De betekenis van de doeken in Johannes 20:5-7
In Johannes 20:6-7 wordt een beschrijving gegeven van van wat Petrus en Johannes in het lege graf van Jezus aantreffen. Zij zien iets opmerkelijks. Het lichaam van Jezus is weg, maar de linnen doeken waarin Hij was gewikkeld waren er nog en de zweetdoek die om zijn hoofd zat was netjes opgerold en elders neergelegd. De vraag wat de betekenis van de doeken was heeft theologen altijd bezig gehouden. Zij hebben de doeken altijd op een historische manier geïnterpreteerd, maar naast deze historische interpretaties zijn er ook manieren om de doeken theologisch te interpreteren.
De tekst
In Johannes 20:3-7 staat het volgende:
"
Petrus dan ging op weg en ook de andere discipel en zij begaven zich naar het graf; en die twee liepen samen snel voort; en de andere discipel liep vooruit, sneller dan Petrus, en kwam het eerst aan het graf, en zich vooroverbuigende, zag hij de linnen windsels liggen; hij ging echter niet naar binnen. Simon Petrus dan kwam ook, hem volgende, en hij ging het graf binnen en zag de windsels liggen, maar de zweetdoek, die op zijn hoofd geweest was, zag hij niet bij de windsels liggen, doch opgerold, terzijde op een andere plaats."

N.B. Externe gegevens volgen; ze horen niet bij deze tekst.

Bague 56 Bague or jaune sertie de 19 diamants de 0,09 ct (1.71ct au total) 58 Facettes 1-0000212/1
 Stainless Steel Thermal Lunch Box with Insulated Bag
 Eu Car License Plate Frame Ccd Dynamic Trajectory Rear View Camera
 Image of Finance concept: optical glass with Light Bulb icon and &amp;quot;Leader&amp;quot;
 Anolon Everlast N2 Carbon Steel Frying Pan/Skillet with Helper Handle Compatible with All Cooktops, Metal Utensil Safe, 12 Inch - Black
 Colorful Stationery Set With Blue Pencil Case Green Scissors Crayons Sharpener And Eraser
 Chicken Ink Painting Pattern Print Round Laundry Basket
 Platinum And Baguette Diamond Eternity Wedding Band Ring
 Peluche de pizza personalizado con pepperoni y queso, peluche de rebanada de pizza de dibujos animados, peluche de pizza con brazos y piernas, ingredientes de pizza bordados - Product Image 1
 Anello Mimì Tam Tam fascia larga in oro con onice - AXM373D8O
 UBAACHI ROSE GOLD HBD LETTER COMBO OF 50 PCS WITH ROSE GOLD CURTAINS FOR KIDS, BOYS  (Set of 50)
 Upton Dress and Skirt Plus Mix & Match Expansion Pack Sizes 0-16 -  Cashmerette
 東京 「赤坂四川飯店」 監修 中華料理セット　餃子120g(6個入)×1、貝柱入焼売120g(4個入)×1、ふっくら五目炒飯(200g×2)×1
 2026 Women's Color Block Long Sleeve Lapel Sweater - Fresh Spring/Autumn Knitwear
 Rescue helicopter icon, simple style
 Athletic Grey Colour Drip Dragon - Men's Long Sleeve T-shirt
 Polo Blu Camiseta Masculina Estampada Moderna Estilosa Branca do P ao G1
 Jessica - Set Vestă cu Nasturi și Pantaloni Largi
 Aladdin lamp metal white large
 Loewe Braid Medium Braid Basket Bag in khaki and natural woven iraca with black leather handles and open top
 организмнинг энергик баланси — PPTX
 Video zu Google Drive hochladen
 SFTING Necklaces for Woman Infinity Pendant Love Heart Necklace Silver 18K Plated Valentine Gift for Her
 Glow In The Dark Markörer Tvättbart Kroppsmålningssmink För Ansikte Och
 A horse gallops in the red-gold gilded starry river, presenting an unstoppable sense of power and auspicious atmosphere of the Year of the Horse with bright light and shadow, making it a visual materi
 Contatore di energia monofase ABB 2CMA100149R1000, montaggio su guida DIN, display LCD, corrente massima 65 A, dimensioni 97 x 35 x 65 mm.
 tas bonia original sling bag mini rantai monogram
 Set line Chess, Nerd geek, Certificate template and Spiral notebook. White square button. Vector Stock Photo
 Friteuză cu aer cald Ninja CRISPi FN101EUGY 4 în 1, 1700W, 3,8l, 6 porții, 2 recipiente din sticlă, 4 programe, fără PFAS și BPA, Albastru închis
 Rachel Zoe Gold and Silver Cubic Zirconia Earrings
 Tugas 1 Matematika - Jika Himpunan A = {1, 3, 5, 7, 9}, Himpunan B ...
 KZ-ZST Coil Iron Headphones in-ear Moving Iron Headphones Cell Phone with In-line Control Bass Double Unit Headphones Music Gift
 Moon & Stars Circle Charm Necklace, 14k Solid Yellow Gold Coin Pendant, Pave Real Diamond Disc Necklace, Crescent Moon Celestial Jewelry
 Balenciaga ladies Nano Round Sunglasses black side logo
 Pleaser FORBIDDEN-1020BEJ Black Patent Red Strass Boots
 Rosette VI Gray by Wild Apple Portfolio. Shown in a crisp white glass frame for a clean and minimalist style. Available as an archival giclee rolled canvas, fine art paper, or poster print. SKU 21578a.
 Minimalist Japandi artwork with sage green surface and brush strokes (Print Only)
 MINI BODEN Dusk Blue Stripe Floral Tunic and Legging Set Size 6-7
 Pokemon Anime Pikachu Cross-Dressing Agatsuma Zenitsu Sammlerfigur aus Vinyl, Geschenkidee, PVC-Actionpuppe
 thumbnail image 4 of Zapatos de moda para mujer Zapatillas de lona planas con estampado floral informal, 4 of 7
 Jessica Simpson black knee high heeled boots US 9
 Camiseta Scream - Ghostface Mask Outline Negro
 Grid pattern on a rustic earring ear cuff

Het feit dat de doeken nog in het graf lagen wordt doorgaans op een historische manier geïnterpreteerd. Dat wil zeggen dat men kijkt wat de doeken ons zeggen over wat er gebeurd is. De doeken worden veel minder vaak op een theologische manier geïnterpreteerd. Dat wil zeggen dat men niet vaak kijkt waar de betekenis van de doeken is.
Historische betekenissen
Veruit de meeste theologen zien in de aanwezigheid van de doeken in het graf een teken dat Jezus' lichaam niet gestolen was door grafrovers. Hiernaast zag Calvijn in de tekst het bewijs dat de lijkwade van Turijn niet de lijkwade van Jezus was.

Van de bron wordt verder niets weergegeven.